With the rapid development of Internet of Things technology, wearable optical imaging devices can monitor the status and performance of athletes in real time, but the image quality is affected by environmental factors, often resulting in information loss. This study aims to improve the effectiveness of wearable optical imaging devices in sports image analysis by using wireless sensor networks and fuzzy image recovery algorithms, so as to achieve more accurate motion state monitoring. Wireless sensor network architecture combined with mobile network technology is used to realize data acquisition and transmission in motion scenes. In this paper, a fuzzy image recovery algorithm is designed and implemented to process fuzzy image data collected by equipment. In the experiment, the algorithm is trained and verified by using the image data in different motion scenes, and its recovery effect is analyzed. Experiments show that the proposed fuzzy image recovery algorithm can effectively improve the clarity and detail capture of images, and make the status monitoring of athletes more timely and reliable combined with the real-time data transmission of wireless sensor networks. Therefore, wearable optical imaging equipment based on wireless sensor network and fuzzy image recovery algorithm shows a good application prospect in sports image analysis, which can provide important support for athletes’ training and performance evaluation, and promote the intelligent process in the field of sports.
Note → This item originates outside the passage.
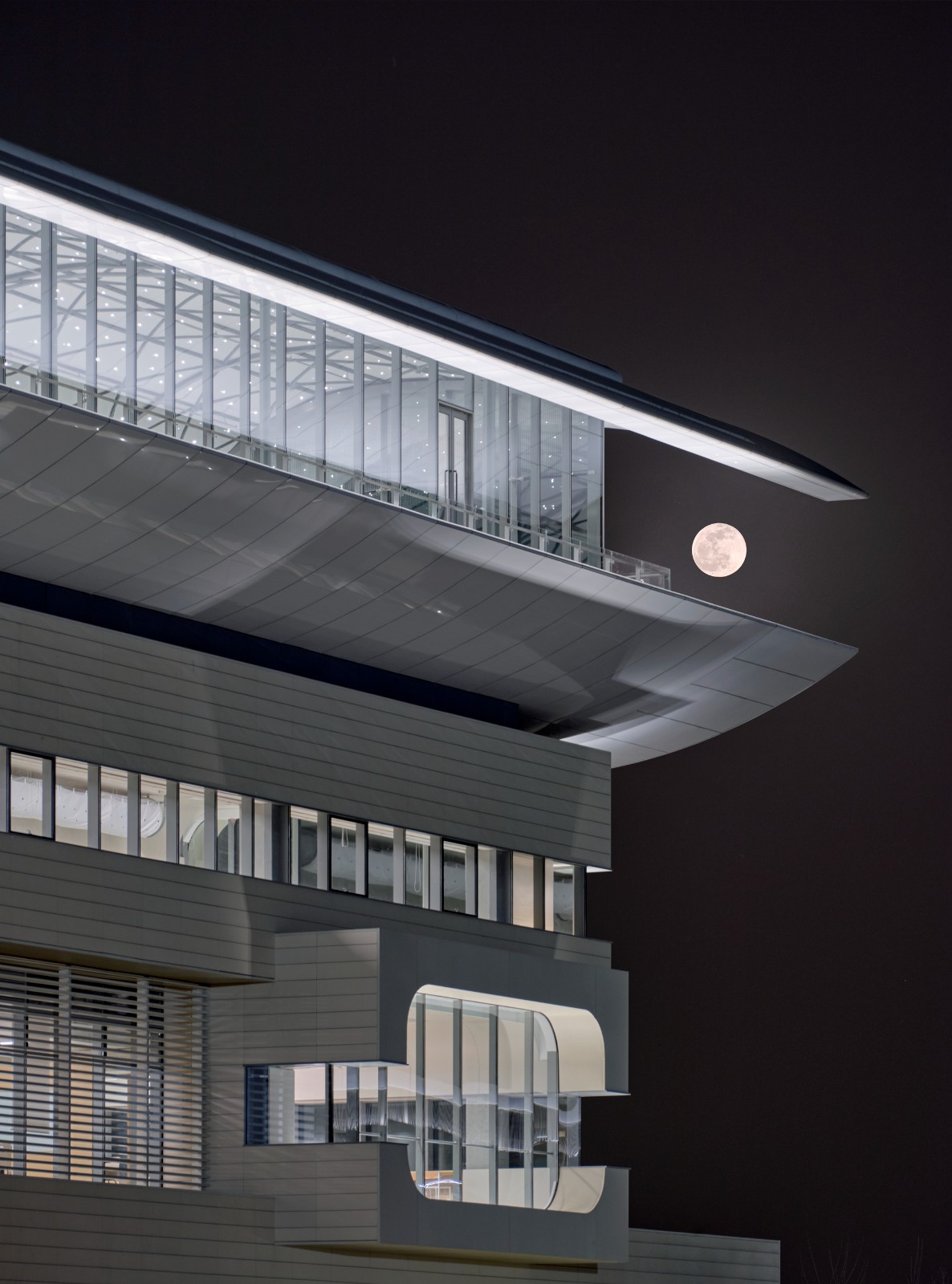 BIM建筑|中国民航大学宁河校区图书馆 / 同济原作工作室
随着物联网技术的快速发展,可穿戴光学成像设备可以实时监测运动员的状态和表现,但图像质量受环境因素影响较大,往往会造成信息丢失。本研究旨在利用无线传感器网络和模糊图像复原算法提高可穿戴光学成像设备在运动图像分析中的有效性,从而实现更精确的运动状态监测。本文采用无线传感器网络架构,结合移动网络技术,实现运动场景中的数据采集和传输。本文设计并实现了一种模糊图像复原算法,用于处理设备采集到的模糊图像数据。实验中,利用不同运动场景的图像数据对算法进行了训练和验证,并分析了其恢复效果。实验表明,所提出的模糊图像复原算法能有效提高图像的清晰度和细节捕捉能力,结合无线传感器网络的实时数据传输,使运动员的状态监测更加及时可靠。因此,基于无线传感器网络和模糊图像复原算法的可穿戴光学成像设备在体育图像分析中具有良好的应用前景,可为运动员的训练和成绩评估提供重要支持,推动体育领域的智能化进程。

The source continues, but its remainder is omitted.